A Tribute to Nikolai Anikin

FasterSkierDecember 7, 20091

In honor of a Dec. 6 celebration of Soviet skiing legend and Midwest coach Nikolai Anikin, Christa Case Bryant collected anecdotes from a broad swath of former colleagues and athletes including Vladimir Smirnov, John Bauer, former USST staff, and a museum worker in Nikolai’s birthplace of Ishim, Siberia. A profile and shortened version of the anecdotes was published by the Duluth News Tribune.

Back row: Chris Klein, Bruce Bauer  Middle row: ??, Brad Nelson, ?? Front row: Nikolai Anikin, Christa Case (now Bryant), Vladimir Smirnov, Don Fariss (Photo courtesy of Don Fariss)
Back row: Chris Klein, Bruce Bauer Middle row: ??, Brad Nelson, ?? Front row: Nikolai Anikin, Christa Case (now Bryant), Vladimir Smirnov, Don Fariss (Photo courtesy of Don Fariss)

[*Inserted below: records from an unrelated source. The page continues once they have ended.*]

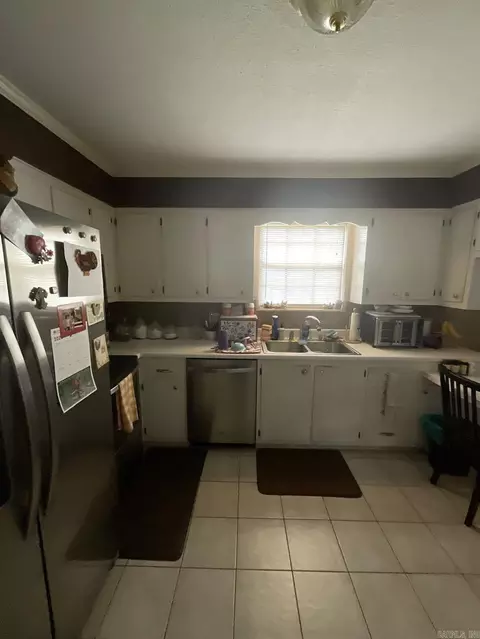 Kitchen - 120 Apache Dr, Searcy, AR 72143 photo 1 of 3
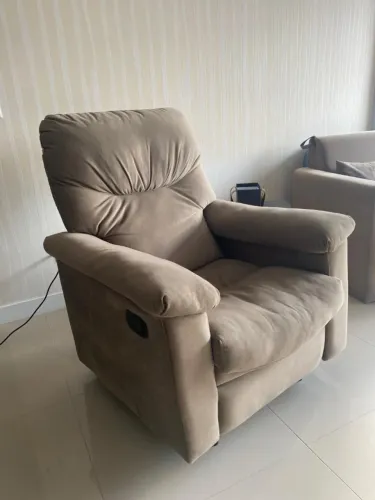 Poltrona do papai confortável com alavanca (suede) estrutura firme.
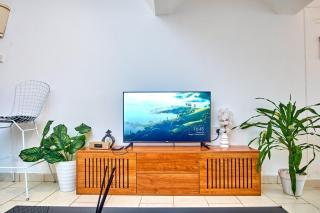 ChillSpot 2 Beachfront AC Restaurant Gym - 4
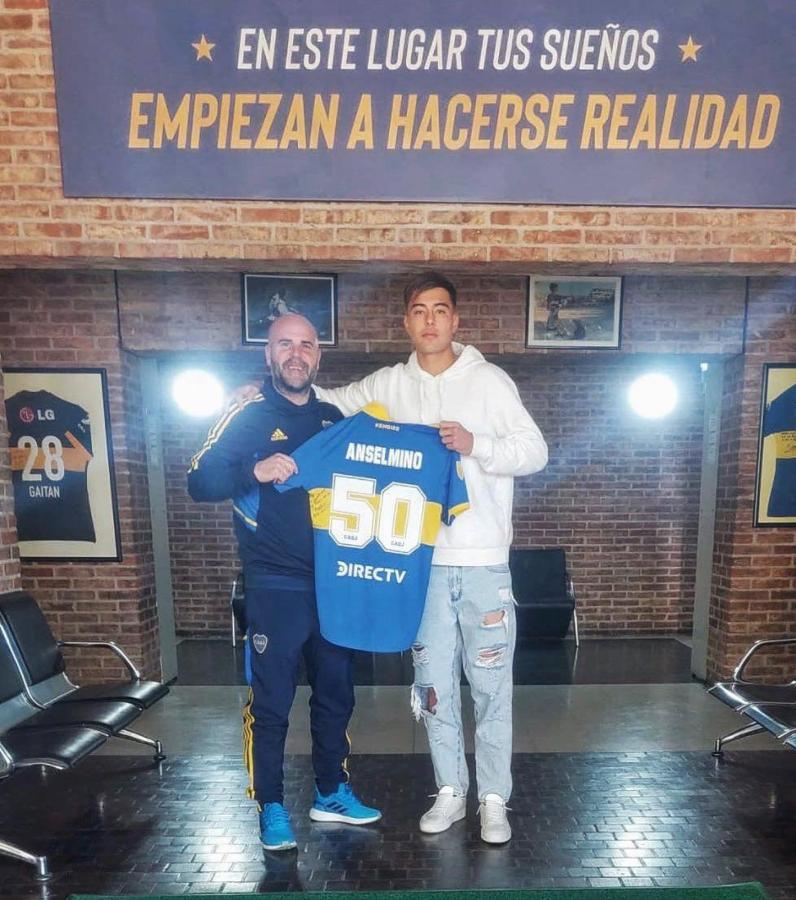 Imagen El regalo de la camiseta de su debut para la penisión del club.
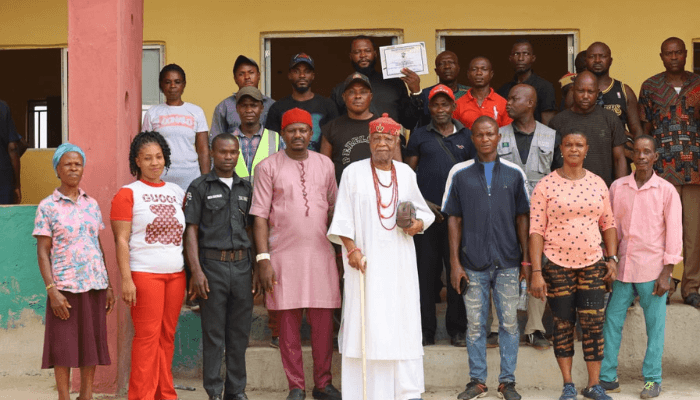 Nomeh Unateze Neighbourhood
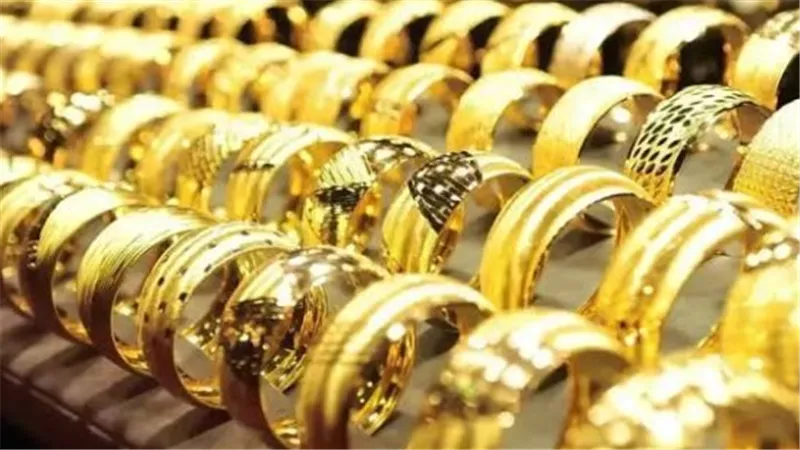 متابعة لحظية لأسعار الذهب عالميًا ومحليًا: الدولار الأمريكي يقود هبوط المعدن النفيس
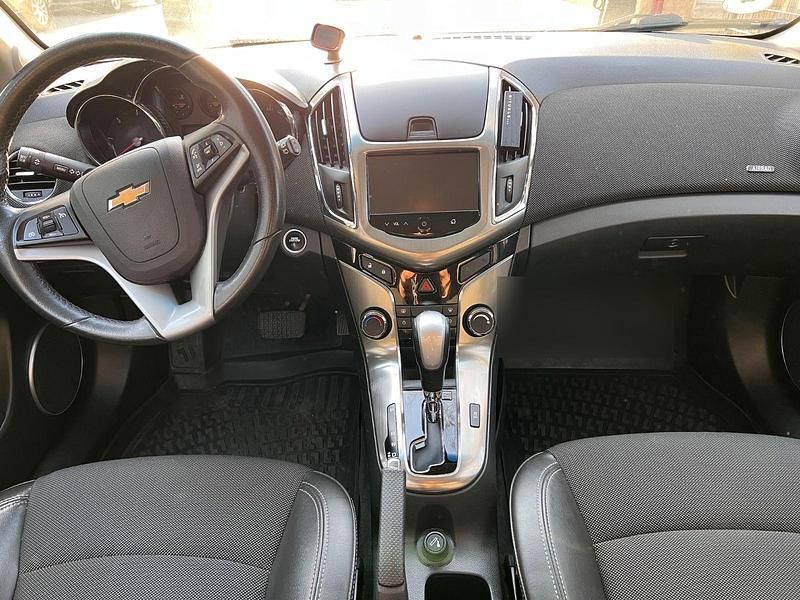 Gebraucht Chevrolet Cruze 163 PS (119 kW) 2013 Braun Limousine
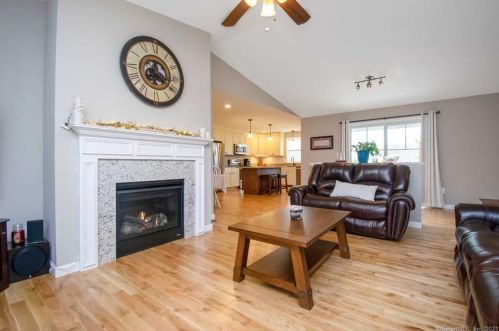 9 Field Cir, East Windsor, CT 06016-1403
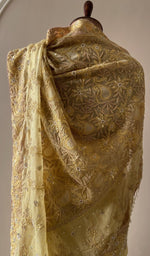 Saree on the mannequin, three quarter view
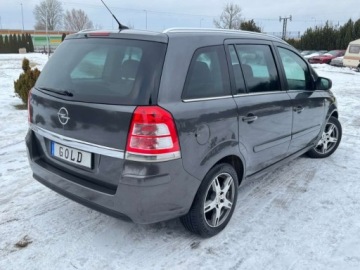 Opel Zafira B 1.8 ECOTEC 140KM 2012 Opel Zafira LiFt 1.8 140KM 7-osobowa TOP Nawigacja Xeonony Alu Sprawdz, zdjęcie 4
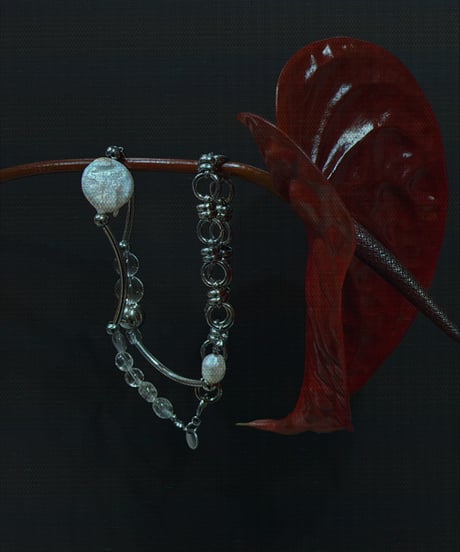 lily / necklace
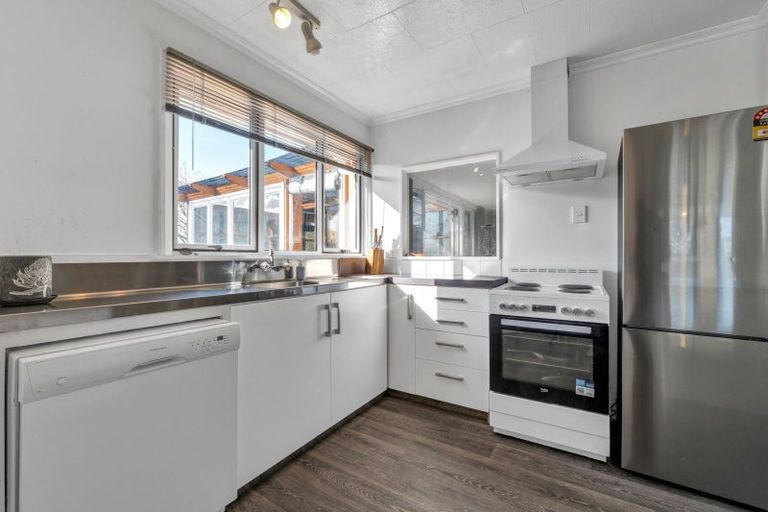 Photo of property in 12 Craig Street, Stratford, 4332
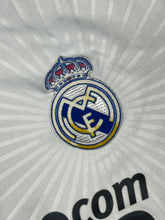 Lade das Bild in den Galerie-Viewer, vintage Adidas Real Madrid 2010-2011 home jersey {L}
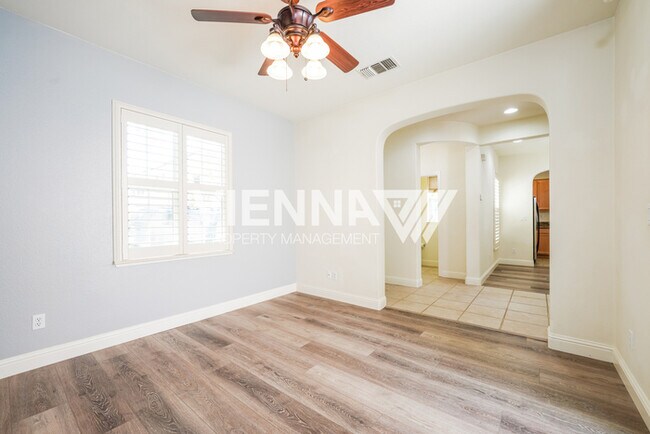 Building Photo - 48 Villa Gardens Ct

When the Iron Curtain still hung supreme, the US and Soviet ski teams formed an unprecedented coaching exchange program, initiated in 1985 when a US freestyle coach went to the USSR.

Despite the tense political situation at the time, the two teams were increasingly reaching out to support each other in additional ways as well. At the 1988 spring conference of the International Ski Federation in Istanbul, Turkey, the Soviets were the only country to back a US push to legalize cash prizes, says Howard Peterson, who was president and CEO of the US Ski Team at the time.

During that conference, while the delegates were on an excursion in the Bosporus, the Russian vice minister of sport, Olympic gold medalist Victor Mamatov, approached Mr. Peterson on board the 1,100-passenger boat.

“I have an idea for you,” he said. “I have a very, very talented national team coach — junior team, national team coach, and a very successful skier himself. You’ve done a lot of things for us in bringing our freestyle team from nowhere to medal contention. How about we send him to America?”

And what an idea Nikolai Anikin was.

He came to the US in 1989 on a development grant for coaches education, and became well-known for his blurry black and white videos of Russian skiers bounding through forests and lifting rocks for strength training. With his broken English and gold teeth, he was an unforgettable fixture of American skiing. Back home in Russia, he remained a legend for his contributions as a long-time national team coach and for his three Olympic medals – including the Soviet team’s first gold, which he helped them win as anchor in the 1956 Olympic relay.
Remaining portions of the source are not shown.